34. God's Government an Embodiment of Love

3 min read · Chapter 34 of 86

God’s Government an Embodiment of Love To sum up all these principles: God’s moral government is His holy love in active operation through His holy will, to the end that holiness, and therefore perfect happiness, might be the eternal lot of those He gave to Himself, that He might forever pour out upon them His infinite love. The moral government of the universe is therefore not a set of rules imposed on man by the arbitrary will of God, but a moral necessity for the happiness of man, growing out of the loving and holy nature of God. Between the nature of God and the moral law there is an eternal identity. He did not set up the moral law with no reference to the moral nature and craving for happiness He gave to man, and then arbitrarily force it on a race whose nature and needs it did not fit, with the demand that they fit themselves into it; neither can He repeal or change it to the slightest degree, as though it were something less than perfect, thus permitting change or being capable of improvement; for it is wholly fitted to accomplish His will to happiness for every one who submits to it. In its nature as law, it is such an expression of God’s will, motivated by His love, as can neither admit of change, or of less than absolute conformity to its last jot and tittle, without at once abruptly and completely ending all possibility of reaching the goal of happiness which He purposes for man. On this basis alone, therefore, God must rest all He does, as He prepares to rescue from slavery to their own wills those who are willing to be rescued. And reason requires us to assume that His love will move Him to restore to man at least as much as he lost by sin, provided it can be done in a way that will not affect to the slightest degree the unhindered accomplishment of His purpose of love to all the rest of His universe.
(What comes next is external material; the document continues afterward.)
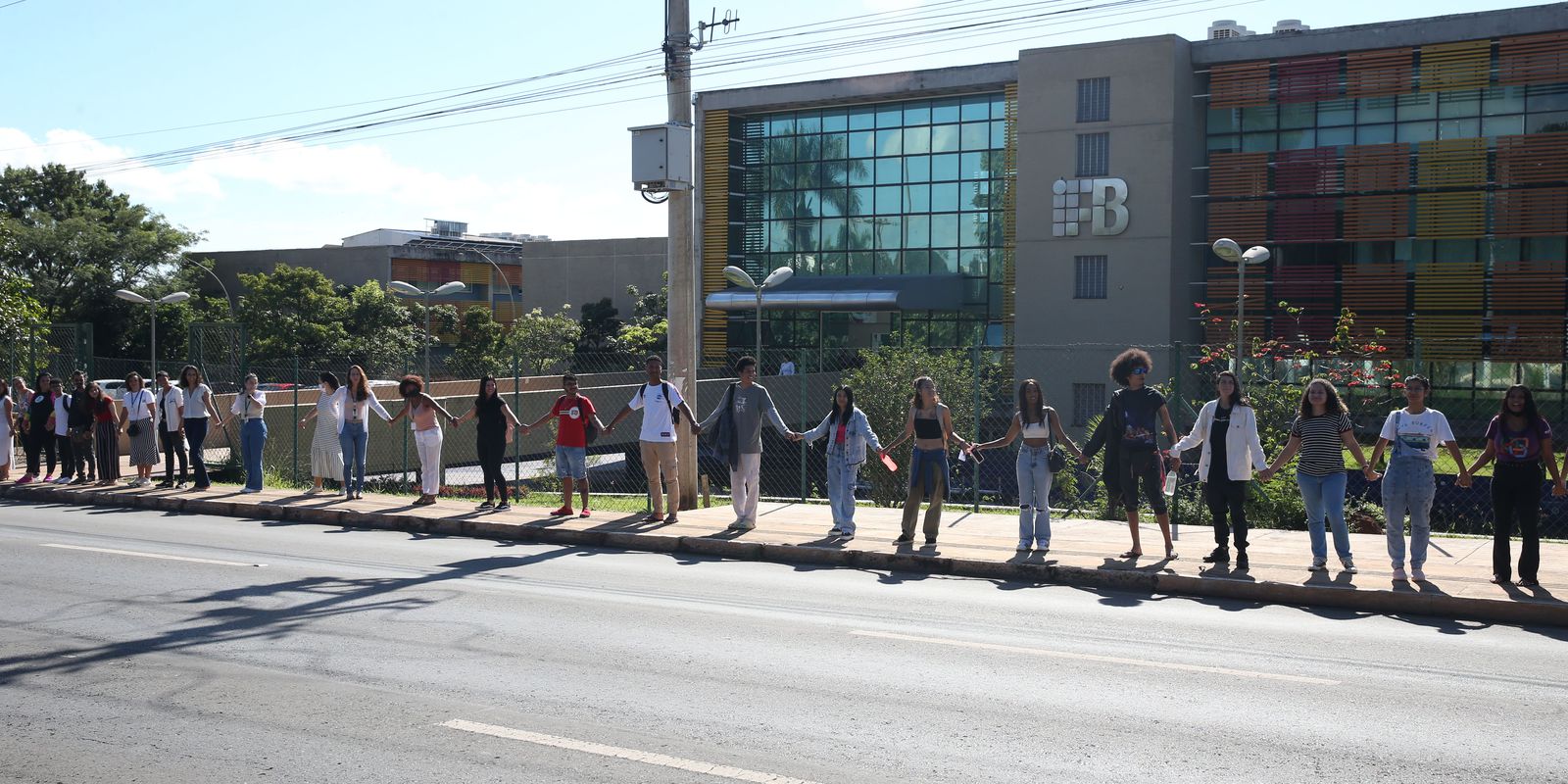 institutos-federais-fazem-ato-pela-paz-no-dia-mundial-da-educacao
There are myriads of sinless angels around His throne. His love for them must maintain that condition in His moral universe which will keep permanent the well-being and happiness they already have. That there are also sinful beings in the universe, the race-wide experience of man gives sad and painful evidence. And so God’s love must also find a way to make possible again the well-being man has lost through sin. When His love, therefore, acts to maintain the perfect welfare of the sinless, such action must, in the nature of things, take the form of justice. For justice is simply maintaining that condition which God’s love demands should be maintained for the happiness of those who rely on Him for their welfare. And when His love acts also to secure the welfare of sinners which they lost through sin, just as certainly the action must take the form of mercy. For mercy is the doing of that which love, the same love which acts also in justice, demands should be done, to restore their welfare and happiness to those who have gone out of His will, and are in the realm where the goal is perfect ill-being and misery.
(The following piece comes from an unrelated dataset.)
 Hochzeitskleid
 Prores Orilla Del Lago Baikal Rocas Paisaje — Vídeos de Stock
Thus the full-acting expression of God’s love, with both sinless and sinful beings in His universe, cannot escape taking the form of both justice and mercy. The operation of both these expressions of love must also be universal. That is, God’s love must take in, in its operation, every moral being in existence. For since God’s moral government is what He wills, being constantly maintained through all the universe, and since that which He wills is the unceasing expression of His holy love toward all in the universe, both sinless and sinful, His love must therefore seek the welfare of each moral being in His universe, without respect to character, and thus it cannot escape being universal in its purpose and outreach.